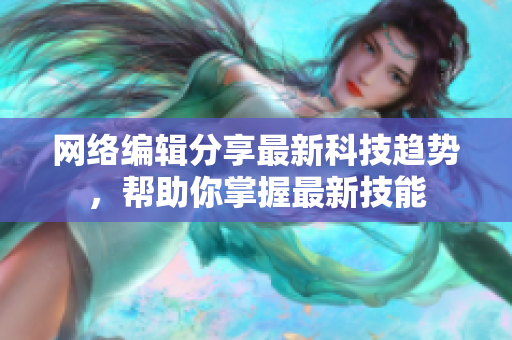 网络编辑分享最新科技趋势，帮助你掌握最新技能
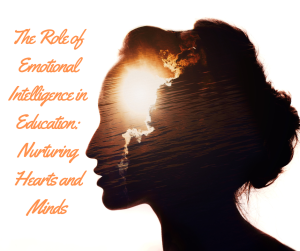 The Role Of Emotional Intelligence In Education: Nurturing Hearts And Minds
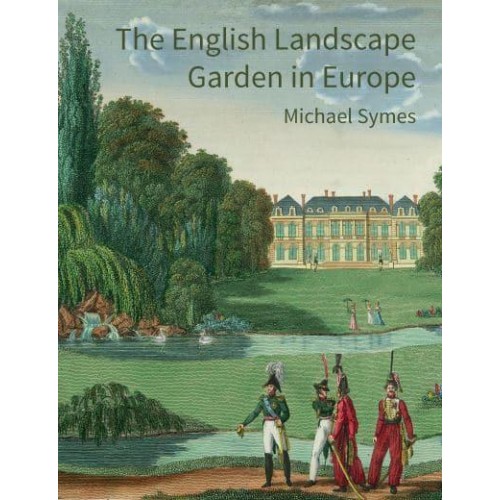 The English Landscape Garden in Europe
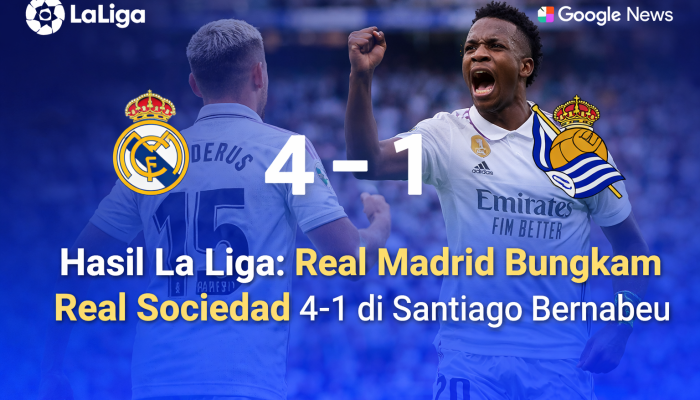 La Liga Tadi Malam: Real Madrid Taklukkan Real Sociedad 4-1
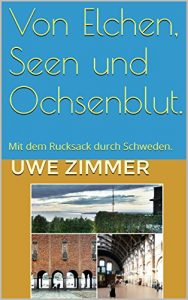 Baixar Von Elchen, Seen und Ochsenblut.: Mit dem Rucksack durch Schweden. (Unterwegs in Anderland 1) (German Edition) pdf, epub, eBook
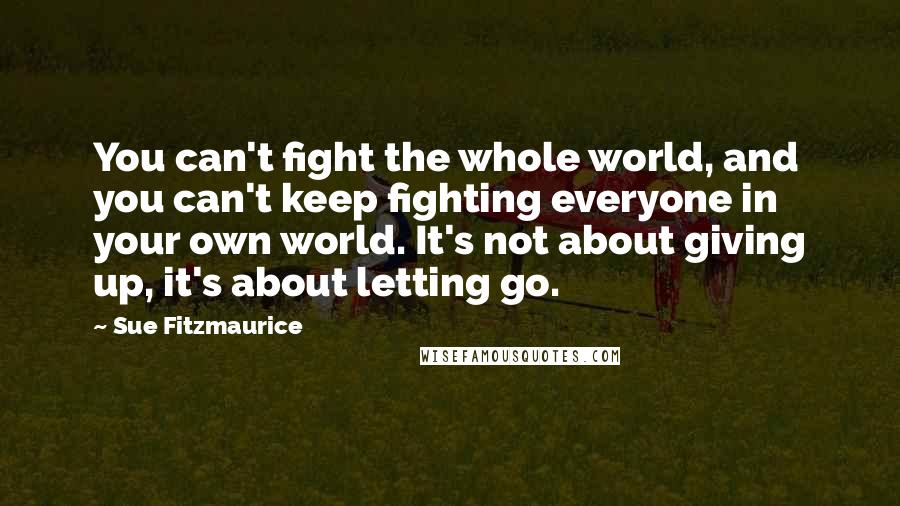 Sue Fitzmaurice Quotes: You can't fight the whole world, and you can't keep fighting everyone in your own world. It's not about giving up, it's about letting go.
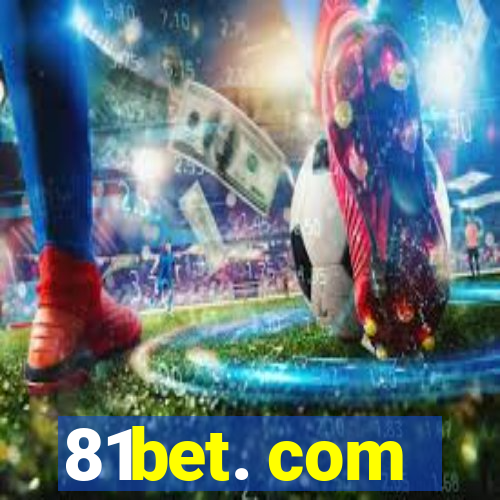 81bet. com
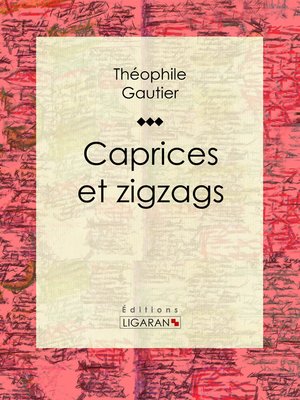 cover image of Caprices et zigzags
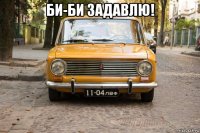 би-би задавлю! 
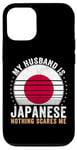 iPhone 12/12 Pro My Husband is Japanese Nothing Scares Me Japan Case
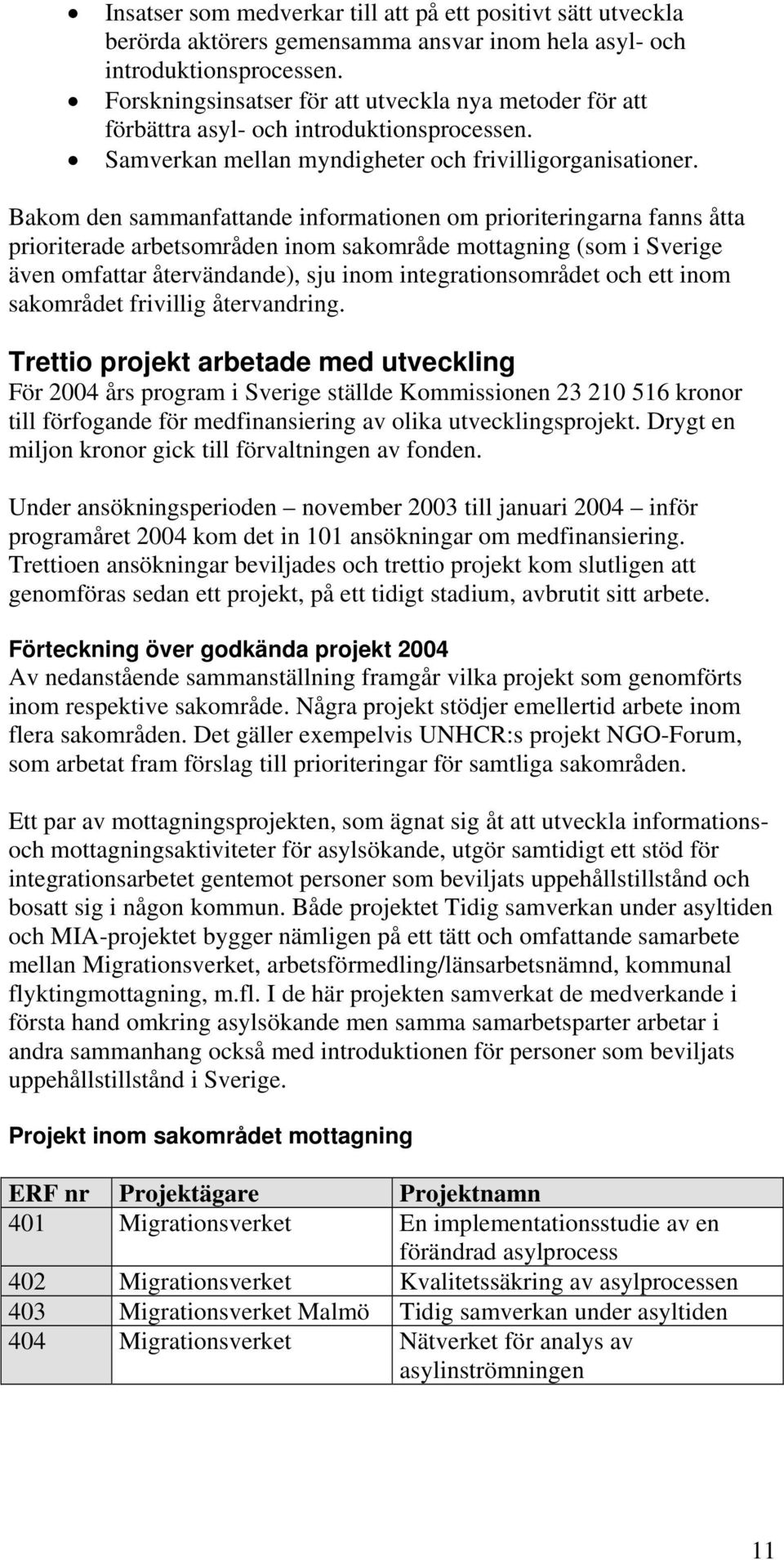 Bakom den sammanfattande informationen om prioriteringarna fanns åtta prioriterade arbetsområden inom sakområde mottagning (som i Sverige även omfattar återvändande), sju inom integrationsområdet och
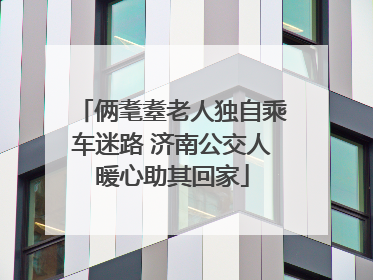 俩耄耋老人独自乘车迷路 济南公交人暖心助其回家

-------------------------

▶ What you should do
Going from the line that holds "би-би задавлю!" to the end of the listing above, copy each line exactly and nothing more, leaving pictures aside.

▶ Expected output
 би-би задавлю! 
 iPhone 12/12 Pro My Husband is Japanese Nothing Scares Me Japan Case
 Bakom den sammanfattande informationen om prioriteringarna fanns åtta prioriterade arbetsområden inom sakområde mottagning (som i Sverige även omfattar återvändande), sju inom integrationsområdet och
 俩耄耋老人独自乘车迷路 济南公交人暖心助其回家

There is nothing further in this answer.